Depois dos non-farm payrolls de sexta-feira Wall Street iniciou esta semana com uma sessão bastante interessante, não obstante o volume continuar abaixo da média dos últimos 20 dias os investidores não perderam o optimismo e empurraram os indices norte-americanos para ganhos decentes, com um movimento de “apanhada” por parte do Dow Jones em relação aos restantes visto ter sido o que mais valorizou ontem com um ganho de 1,31%, contra os 0,88% de avanço do S&P500 e do Nasdaq, ao passo que na sessão anterior tinha sido o menos entusiasmado com os dados económicos.
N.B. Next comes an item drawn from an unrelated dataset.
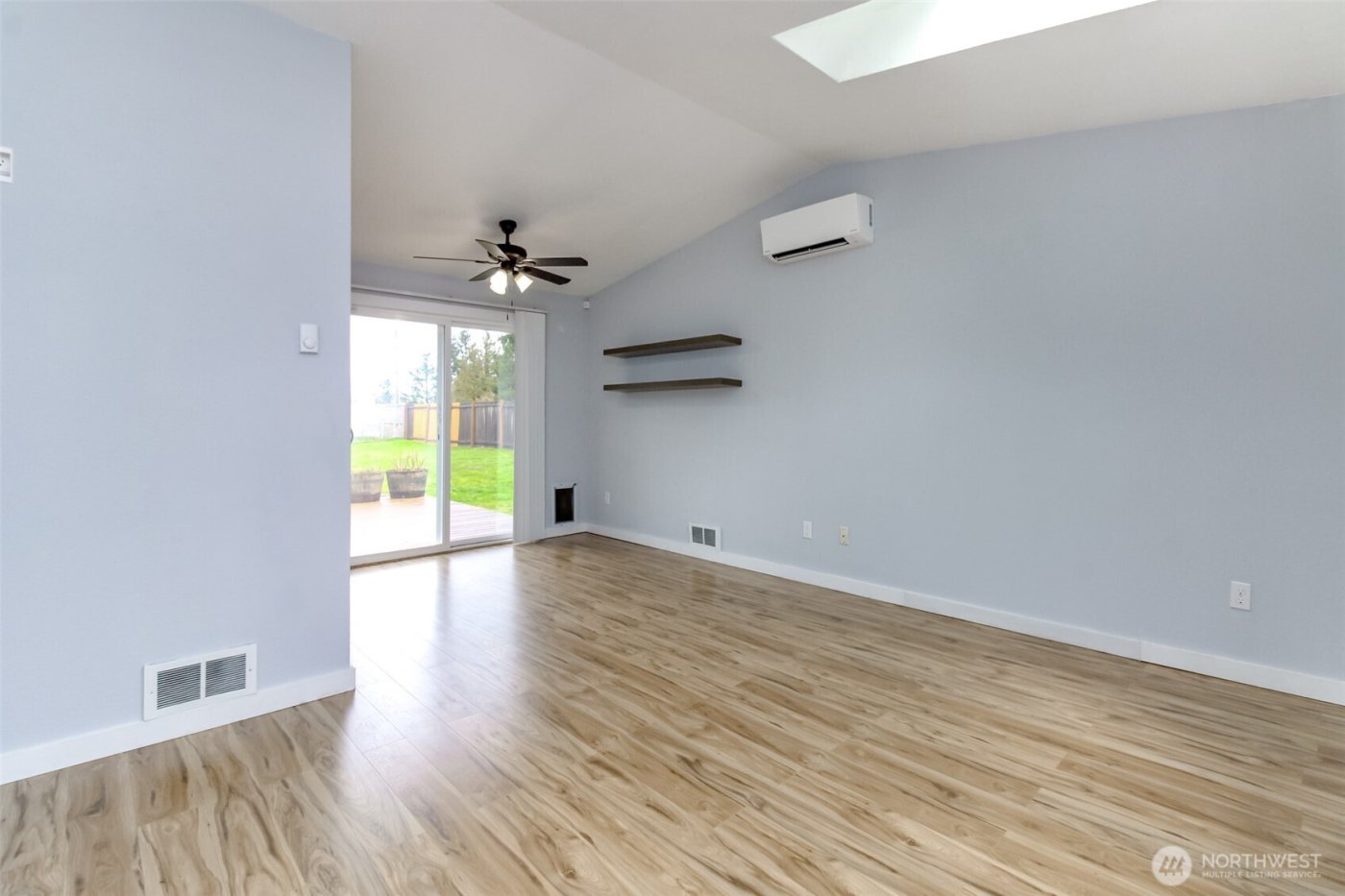 713 136th Street S, Tacoma, WA 98444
A banca esteve em destaque ao ganhar 2.32% com o sector a beneficiar de interesse antes da divulgação dos resultados referentes à earnings season que se vai iniciar em breve, todos os grandes nomes do ramo subiram mais de 2,5%, como por exemplo Bank of America, Goldman Sachs, Citigroup e J. P. Morgan Chase.

Foi evidente uma pressão vendedora nos activos refúgio com todos os sectores a eles associados a serem os únicos a perder valor e com as utilities a liderarem nas quedas com uma perda de -3.13%, enquanto as retalhistas de produtos essenciais recuaram -0.47%. No Forex esse movimento de procura de risco também foi notado com o Yen a deslizar -0.4% para os 110.852, num dia em que o U.S dólar encerrou praticamente inalterado face a outras moedas principais, realce para a libra inglesa que perdeu -0.5% para os $1.3215 com a demissão de protagonistas chave do processo do Brexit pertencentes ao governo de Theresa May.

O gráfico de hoje é do índice do EUR/USD, o time-frame é Diário

Ainda não foi ontem que o futuro do curto-médio prazo deste par de moedas ficou mais visível, de notar a resistência que o preço tem efectuado em cima da linha de quebra o que lhe dá força para um retest futuro da mesma seja qual for a direcção imediata.